Auszubildende entwickeln eigene Geschäftsideen

Foto:BBS Burgdorf
Zwischen schriftlicher und mündlicher Abschlussprüfung wartete auf die angehenden Kaufleute im Einzelhandel der BBS Burgdorf ein besonderes Praxisformat. In Kooperation mit dem Entrepreneurship Hub der TU Braunschweig entwickelten sie im JohnnyB. Burgdorf eigene Geschäftsideen und trainierten, diese überzeugend zu präsentieren.
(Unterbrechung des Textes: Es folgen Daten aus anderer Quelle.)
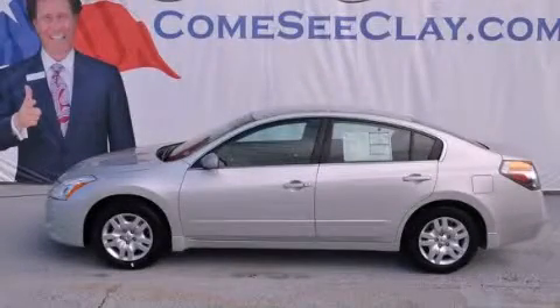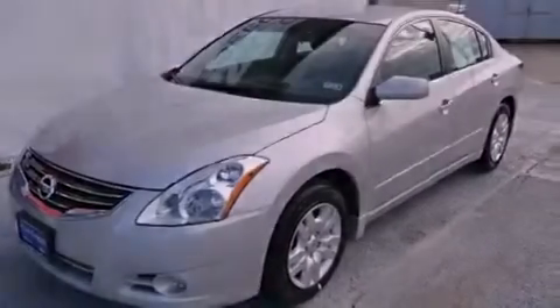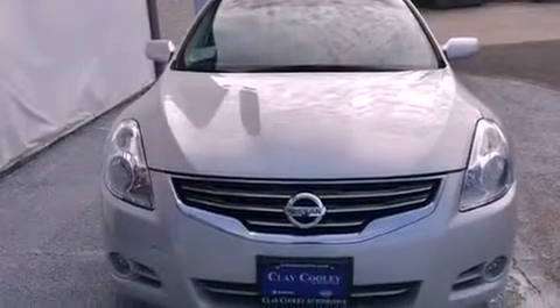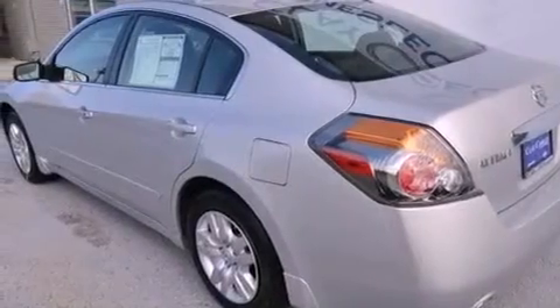This is a brand new 2012 Nissan Altima. It has a 2.5-liter four-cylinder engine and a manual transmission. Its top features and packages include a convenience package, a multi-link rear suspension, a low tire pressure indicator, alloy wheels, and much more.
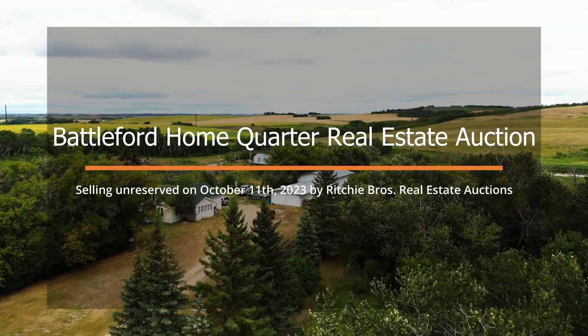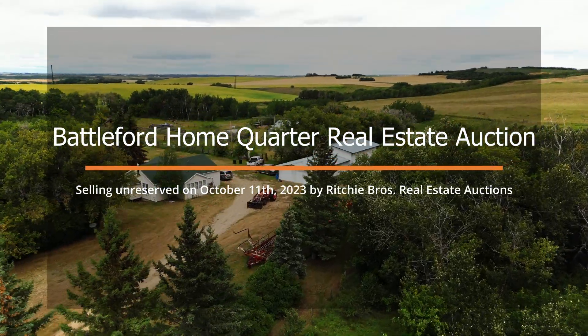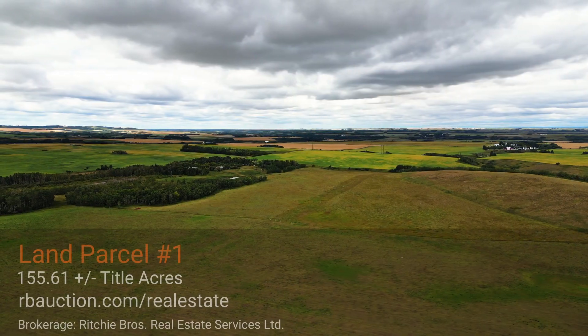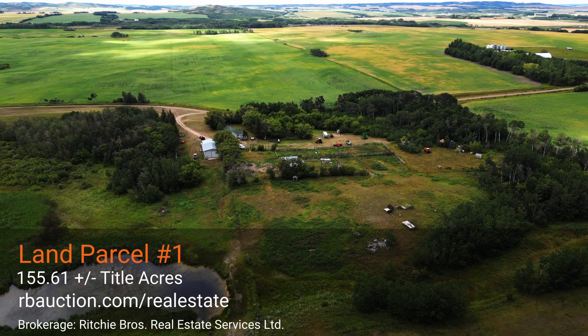10 kilometers west of Battleford, Saskatchewan, you'll find this 1,100-square-foot, three-bedroom and two-bathroom home sitting on 155.61 acres of land.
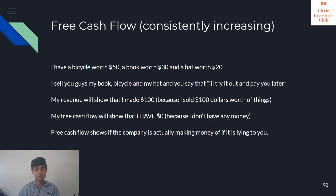That is a more in-depth analysis of what free cash flow is and why we check it. Thank you.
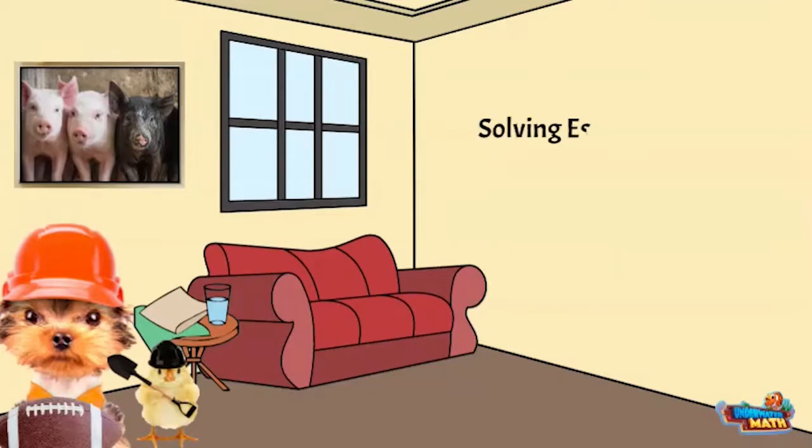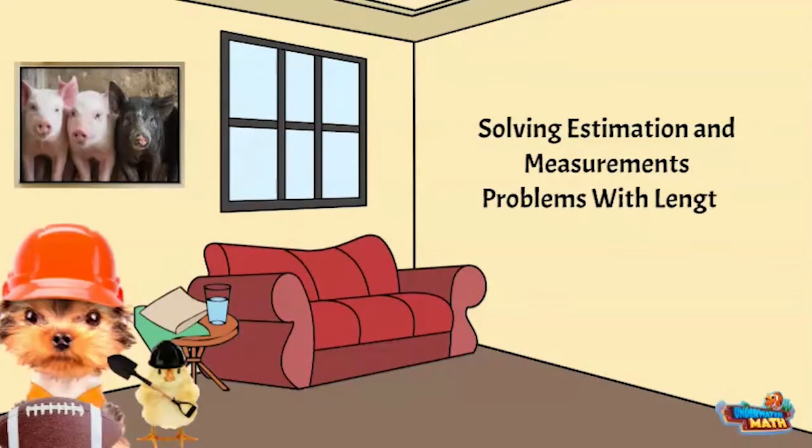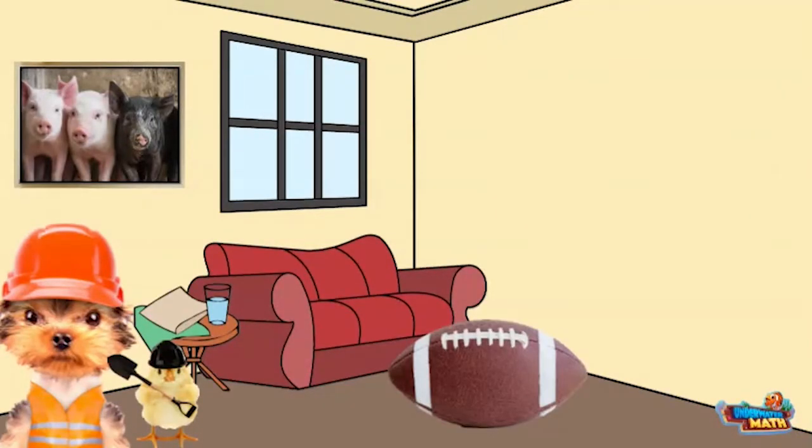Now let's talk about solving estimation and measurement problems with length. Hey Daisy, how long do you think this football is? I am not sure. I will give you choices.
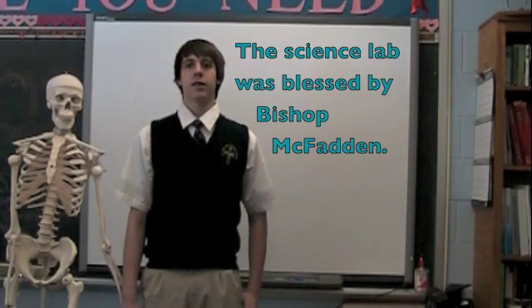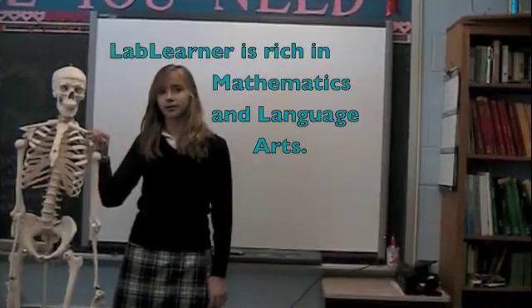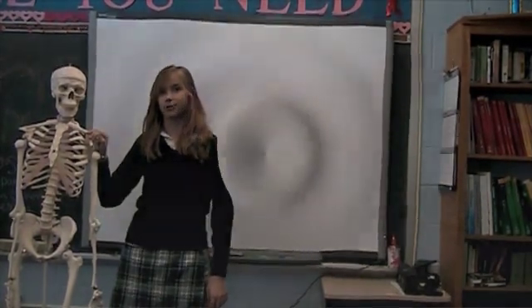Since then, science has been more fun for teachers and students here at St. Keith School. We are in 8th grade participating in the lab. It is rich in mathematics and language arts. It covers many concepts such as time, space, matter, energy, and much more.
Zwei Tage lang ging es um Kreativität, Unternehmertum und wirtschaftliches Denken. Von der ersten Idee über die Zielgruppenanalyse bis zum professionellen Pitch vor einer Jury erlebten die Auszubildenden, wie aus einer Idee ein Geschäftsmodell werden kann. Nach Angaben des Entrepreneurship Hubs standen dabei auch kreative Methoden wie Lego Serious Play, Knete und Playmais im Mittelpunkt, um aus alltäglichen Problemen erste Lösungsansätze und konkrete Geschäftsideen zu entwickeln. (Entrepreneurship Hub)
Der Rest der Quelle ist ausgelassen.